A cada lembrança, uma saudade dos tempos… deles e meus.
Vinícius foi meu primeiro poeta. Cresci com seus livros agarrados no peito e sabia muitos dos seus poemas de memória. Cantei todas as suas músicas, por toda a minha vida…
Amei para sempre, antes de saber que o para sempre, sempre acaba. Mas aprendi também que o amor vivido, se foi amor, não morre, só adormece. A gente guarda ele ali, num cantinho da memória. Ele desencarna… mas não desaparece. Amores vividos jamais a gente esquece. E isso deve ser a eternidade…
Em um 9 de julho chorei sua morte como a de um amigo querido. Depois, passei um tempo sem poder ouvi-lo ou ler a sua obra. Dava um nó no meio do estômago e a melancolia enchia minha alma.
Aos poucos a dor foi dando lugar a uma linda e gostosa nostalgia… até que nunca mais se separou delas.
Hoje, quando leio ou escuto Vinícius, sinto mais do que um simples admiração pela sua obra.
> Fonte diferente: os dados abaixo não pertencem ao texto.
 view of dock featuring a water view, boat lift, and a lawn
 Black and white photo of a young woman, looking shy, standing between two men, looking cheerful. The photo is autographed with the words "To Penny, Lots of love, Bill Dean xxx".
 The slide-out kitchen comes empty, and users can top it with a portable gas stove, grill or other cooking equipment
Sua poesia e sua música estão irremediavelmente entramadas com minha vida, desde a infância.

Elas provocam-me sentimentos mais íntimos, como se soubessem e dissessem muitas coisas de mim.
Faz-me sentir esse leve rufar de asas de mariposa no coração, respirar um perfume de adolescência que se espalha pelo ar, junto com vagos traços de rostos de antigos namorados, nomes e caras de amigos perdidos pelo tempo, casas, árvores, praias, assobios de meu pai e seu jeito de lorde… mares mansos e verdes… os sorrisos lindos da minha mãe e seus ares de menina e princesa!
Um tudo de cor e alegria invade minha alma e minha cara vira “tela de cinema”.
Se algum-alguém tivesse a capacidade ou o dom para assistir meu filme, veria que belas imagens…
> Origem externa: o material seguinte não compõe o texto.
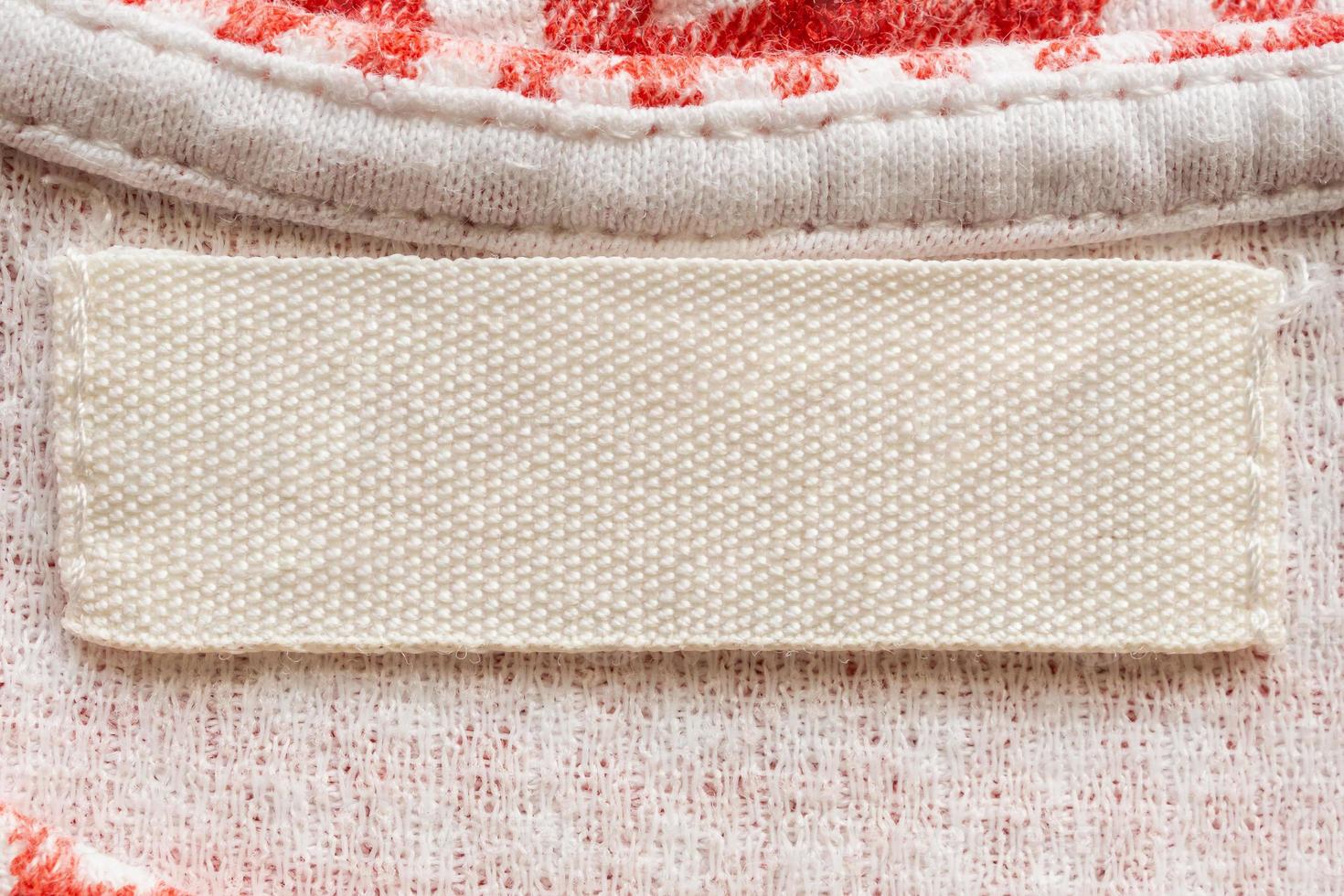 Étiquette de vêtements de soin de lessive blanc vierge sur fond de chemise en coton photo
Mas não… parece que ele passa só pelo lado de dentro.
É por isso que eu venho aqui e escrevo.
………………………………….

Quem pagará o enterro e as flores
Se eu me morrer de amores?
Quem, dentre amigos, tão amigo
Para estar no caixão comigo?
Quem, em meio ao funeral
Dirá de mim: — Nunca fez mal…
Quem, bêbado, chorará em voz alta
De não me ter trazido nada?
Quem virá despetalar pétalas
No meu túmulo de poeta?
Quem jogará timidamente
Na terra um grão de semente?
Quem elevará o olhar covarde
Até a estrela da tarde?
Quem me dirá palavras mágicas
Capazes de empalidecer o mármore?
Quem, oculta em véus escuros
Se crucificará nos muros?
Quem, macerada de desgosto
Sorrirá: — Rei morto, rei posto…
Quantas, debruçadas sobre o báratro
Sentirão as dores do parto?
Qual a que, branca de receio
Tocará o botão do seio?
Quem, louca, se jogará de bruços
A soluçar tantos soluços
Que há de despertar receios?
Quantos, os maxilares contraídos
O sangue a pulsar nas cicatrizes
Dirão: — Foi um doido amigo…
Quem, criança, olhando a terra
Ao ver movimentar-se um verme
Observará um ar de critério?
Quem, em circunstância oficial
Há de propor meu pedestal?
Quais os que, vindos da montanha
Terão circunspecção tamanha
Que eu hei de rir branco de cal?
Qual a que, o rosto sulcado de vento
Lançara um punhado de sal
Na minha cova de cimento?

Quem cantará canções de amigo
No dia do meu funeral?
Qual a que não estará presente
Por motivo circunstancial?
Quem cravará no seio duro
Uma lâmina enferrujada?
Quem, em seu verbo inconsútil
Há de orar: — Deus o tenha em sua guarda.
Qual o amigo que a sós consigo
Pensará: — Não há de ser nada…
Quem será a estranha figura
A um tronco de árvore encostada
Com um olhar frio e um ar de dúvida?
Quem se abraçará comigo
Que terá de ser arrancada?
Quem vai pagar o enterro e as flores
Se eu me morrer de amores?

Vinícius de Moraes
Rio, 1950
……………………………………………
Ninguém, meu velho e querido amigo.
Mas prometo não deixar-lhe morrer…

Ensinarei suas músicas aos meus filhos e netos, escutaremos juntos pelas madrugadas, presentearei seus livros aos amigos, e com eles rememorarei seus poemas em noites de grandes luas.
Estreitarei você no peito até o infinito.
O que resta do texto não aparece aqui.